----- Exercise material -----
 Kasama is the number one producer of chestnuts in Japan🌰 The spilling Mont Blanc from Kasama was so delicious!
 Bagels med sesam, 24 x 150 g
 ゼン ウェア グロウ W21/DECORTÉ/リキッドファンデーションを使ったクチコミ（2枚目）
-----
----- Exercise material -----
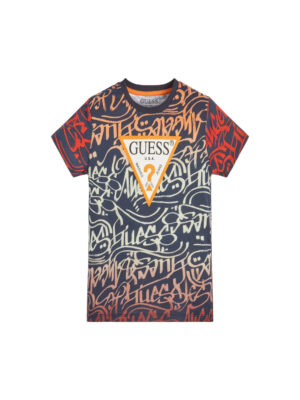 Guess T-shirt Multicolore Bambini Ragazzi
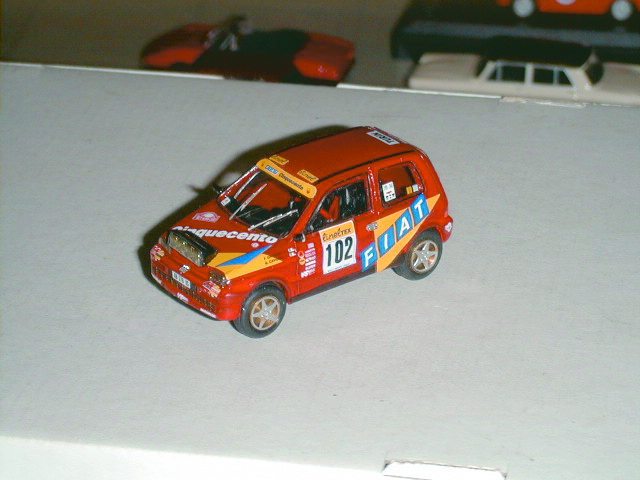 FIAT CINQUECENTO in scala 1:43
-----
**Exercise aim:**
Output the lines above between the one holding "Bagels med sesam, 24 x 150 g" and the one holding "ゼン ウェア グロウ W21/DECORTÉ/リキッドファンデーションを使ったクチコミ（2枚目）", inclusive, with nothing before or after them.

**Solution for this task:**
 Bagels med sesam, 24 x 150 g
 ゼン ウェア グロウ W21/DECORTÉ/リキッドファンデーションを使ったクチコミ（2枚目）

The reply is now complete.